Altro uomo chiave della crisi è il presidente del consiglio incaricato Mario Monti, anch'egli consulente di Goldman dal 2005. Per non parlare del presidente della Bce, Mario Draghi, che dal 2002 al 2005 è stato vicepresidente di Goldman Sachs per l'Europa. Se venisse seguito il copione dei subprime, sarebbe tutto perfetto: Goldman gonfia la bolla dell'euro, aiutando un Paese sull'orlo del fallimento come la Grecia a entrarvi, poi scommette sulla sua fine e si trova come per caso uomini a lei vicini nei punti di snodo della crisi: la Bce, l'Italia e la Grecia. Coincidenze che fanno pensare. Detto questo, Goldman non ha l'obiettivo politico di distruggere l'euro.
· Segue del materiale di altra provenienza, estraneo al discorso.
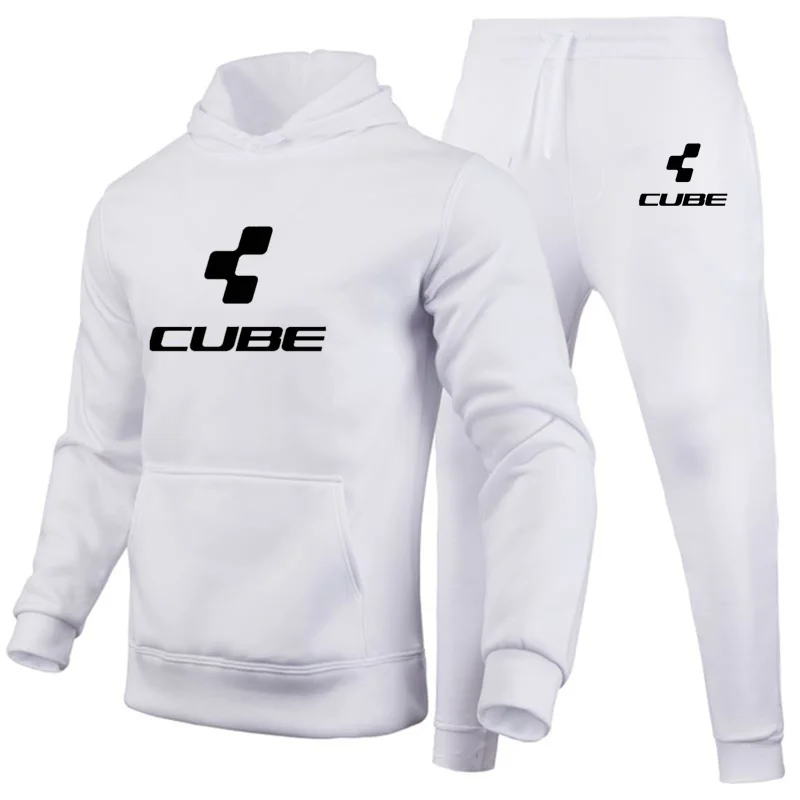 

CUBE Mens Sweatshirts Sets Long Sleeve Leisure Sportswear Fleece 2 Piece Outfit Set Men Autumn And Winter Warm Casual Tracksuit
L'unico suo obiettivo è quello di fare profitti. E poco importa in che modo essi vengono realizzati, se a danno di uno Stato o di una grande azienda. Goldman attacca l'euro perché non ha difesa. La riforma del Fondo salva-Stati (Efsf) rischia di slittare ancora, mentre la Bce non è prestatore di ultima istanza a causa dell'opposizione della Germania, la cui rigidità fa paradossalmente il gioco degli speculatori. Secondo Romano Prodi, Goldman e le sue sorelle dispongono di una potenza di fuoco di almeno 12 mila miliardi di dollari, mentre Eurolandia risponde con piani di austerità che la mandano in recessione. La partita è troppo facile, è naturale che Goldman la giochi fino in fondo.